The seabed is now a new desert. "The wind scatters the salt fields, destroying crops and contaminating agricultural land. Salt has been found even near Almaty, over 1,600 kilometres away," says Peytchev. "When the fishing and fish processing industries closed down, the many of the population had to move to find new jobs." The cost in terms of human health has been even more devastating, with high levels of cancer, lung diseases, tuberculosis, anaemia in both the Kazakh and the Uzbek Aral regions.

Save the sea

The presidents of the five Central Asian republics formed the International Fund for Saving the Aral Sea (IFAS) after independence. While this demonstrated the political will to solve the ecological disaster affecting their entire region, in practice there are still big disagreements over how the rivers should be managed. The southern part of the sea, which is mostly in Uzbekistan, has largely been left to diminish further year by year, as Tashkent relies heavily on revenues from the country's water-intensive cotton industry.

Kazakhstan, on the other hand, has been successful in saving the northern part of the sea, which is fed by the Syr-Darya, since it has been able to do so without the help of its neighbours. A dam completed in 2005 with funding from the World Bank has resulted in the sea level rising by 12 metres from its low point in 2003. The shore is now under 40 kilometres from Aralsk. Salinity has fallen and much of the region's biodiversity has been restored. Construction of the second phase of the dam is due to start in 2011, and within five years the sea could once again reach Aralsk.

In the northern section of the sea, the fishing industry has been reborn. In addition to the flounder - the only fish to survive through the 1990s - there are now more than 15 types of fish in the sea. Over 500 fishermen are active in the north Aral, with fishing brigades sent out from Aralsk and fishing villages along the one-time shoreline. This provides employment for at least some of the year, though there are lengthy breaks when the sea freezes and thaws each year, and for the reproduction season. During summer, fishing is halted because with no refrigeration in the fishermen's trucks, fish spoil quickly on the two hour drive from the shore back to Aralsk.
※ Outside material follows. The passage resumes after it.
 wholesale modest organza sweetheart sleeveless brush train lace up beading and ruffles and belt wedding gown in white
A processing plant set by Aral Tenizi with support from the Danish government was later taken into private hands but closed when its manager ran out of money. A second factory has been set up by an Almaty-based businessman originally hailing from Aralsk and employs around 40 people. However, since the fishing licences were put out to tender before the plant was set up, much of the 6,000 tonnes a year of fish caught in the sea are sent to other cities for processing or end up in the sushi restaurants of Almaty and Aktobe.

The government remains the largest employer in Aralsk, where every day troops of women are sent out to make a living picking up litter and planting flowers in the arid city parks. In rural areas, people scrape a living from their camels. Aralsk's bazaars are a rare spot of activity, doing a brisk trade in vegetables from the Kyzlyorda region, camel meat and Chinese consumer goods.
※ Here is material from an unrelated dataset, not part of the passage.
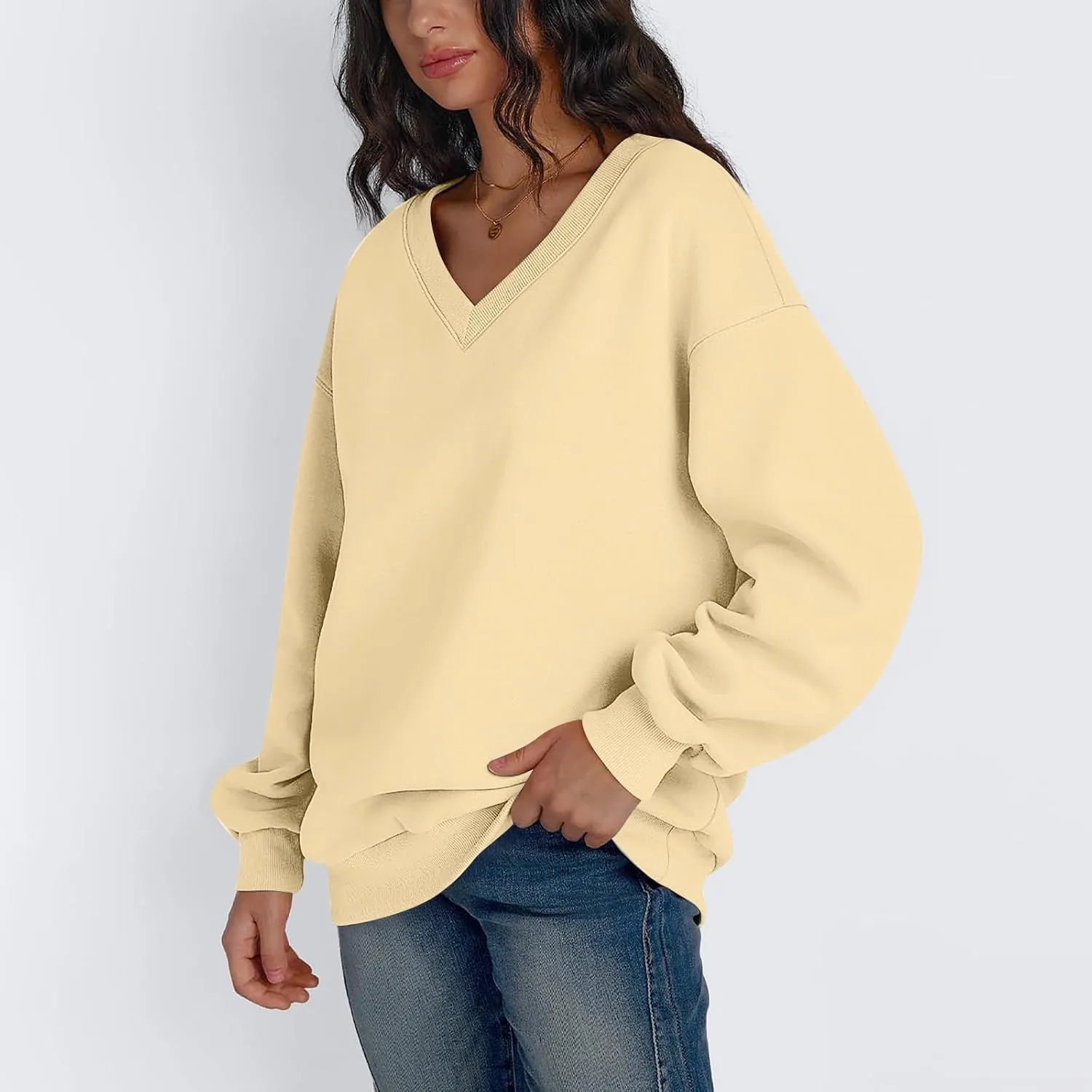 Fleece V Neck Sweatshirt Women Plain Drop Shoulder Oversized Sweatshirts Casual Baggy Comfy Soft Cotton Pullover Tops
Another source of income is the scrap metal from the rusting hulks in the middle of the one-time sea. The famous "ship cemetery" some 40 kilometres across the former sea bed from Aralsk is rapidly disappearing, sold off to Chinese scrap metal dealers. If plans to further raise the sea level go according to plan, these dealers will need to be quick: within just a few years, this new land where Kazakhs herd camels and make mobile phone calls from their UaZ trucks may once again be under water.